On Saturday afternoon, at the Women’s March on Washington, I stood amongst strong ass women, men unafraid of equality, and children who have brave parents. I stood amongst humans of all colors and races, close to the same spot from which I watched President Obama inaugurated in 2013 (to a VERY big crowd #fact). The obvious contrast now is the uncertainty that surrounds this new administration. But there was a similar sense of hope.
“The future is female.”
When Obama was first elected, I was a dietetic intern, starting to obsess over what my future as a dietitian might be. I could barely think beyond our June graduation, getting a job, living in DC, or mastering how to use a corkscrew. I didn’t know where I would be one year later, much less ten. I had no idea what kind of career I might have, or what it would mean to be a woman with a career.
I haven’t strongly advocated for women’s issues until very recently.
But my most recent career experience in the startup world brought a lot of women’s issues to light.
I’m still learning, but we can advocate at the same time.
I’m being open about my vote (FOR HER), voicing my opinions, telling you my health stories, and marching with my fellow badass females. I’m upset about how this election turned out, but ready to run with it. I’ve been reading more books by female authors, following newly-elected female Senators and Representatives, and seeking out opportunities that will teach me something about what can and needs to be done.
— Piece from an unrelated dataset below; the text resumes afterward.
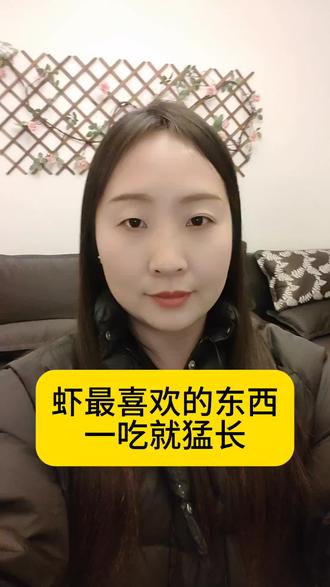 虾最喜欢的东西,一吃就猛长#水产养殖技术#渔农肥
I’m acutely aware of my gaps in knowledge and actively filling them by being inquisitive, open-minded, and humble.
To my fellow female dietitians: Don’t let up just because we are the majority.
Let us not forget that, in the media, the list of strong voices in nutrition and health includes Michael Pollan, Mark Bittman, Gary Taubes, Mark Hyman, and David Katz (to name a few). But if you Google “Nutrition expert” you see a list of women. The majority of dietitians in this country are women. We could bring a strong female voice to that list above, supporting their work but providing both the unique perspective and the community women need from each other.
This is the future female.
She’s unapologetically bold, strong, opinionated, loud, powerful, and connected. No matter her profession or expertise, she’s marching alongside, supporting, fighting and working for her female friends. She’s ready to put up a fight for her fundamental rights in career, health, and life. She’s building bridges, not walls. She’s showing you what democracy looks like, not marginalizing or discriminating. She knows that her mind, her body, and her power at not up for debate. She’s here—maybe right next to you—and is not going anywhere.